Actually, when I removed the first rule for bean WebSphere:feature=wasJmsServer,type=Queue,name=*
, the result is the same: After applying the jmx-metrics java agent, I can not find the queue beans from the bean list retrieved using the jmxterm tool and I can not see the metrics my_own_jms_queue_depth
generated for the queue depth of my liberty queue beans.

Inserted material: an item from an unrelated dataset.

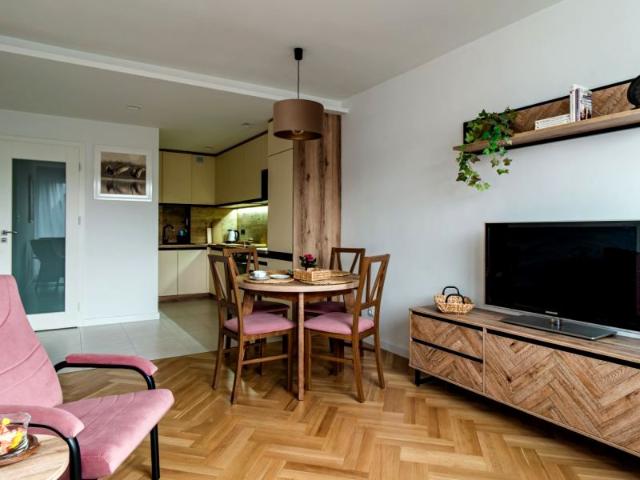 Mieszkanie m2 z kuchnią z oknem 37 m² na wynajem ul. Mickiewicza, Sopot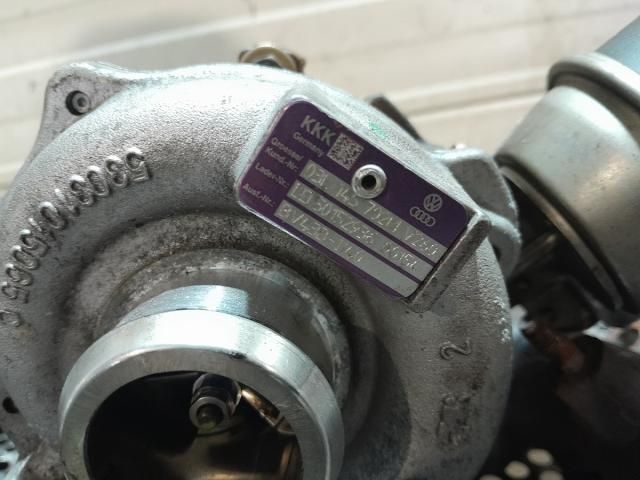 bontott SEAT EXEO Turbó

And I've added -Dotel.javaagent.debug=true
and the verbose logs are given in attached file verbose.log. There are some error messages (the lines starting with [err]
).
verbose.log
@xwgao instead of Depth
try using MaxQueueDepth
. It seems that metrics with value 0
don't show up in prometheus output (but you can see them if you turn on logging in the collector). Using MaxQueueDepth
should make this easier to debug for you, change it back after you have verified it works. Try
MaxQueueDepth:
metric: my.own.jms.queue.depth
type: updowncounter
desc: The JMS message queue depth
unit: "1"
metricAttribute:
name: param(name)
@xwgao Yes, your updated configuration looks right (as well as the configuration proposed by @laurit ).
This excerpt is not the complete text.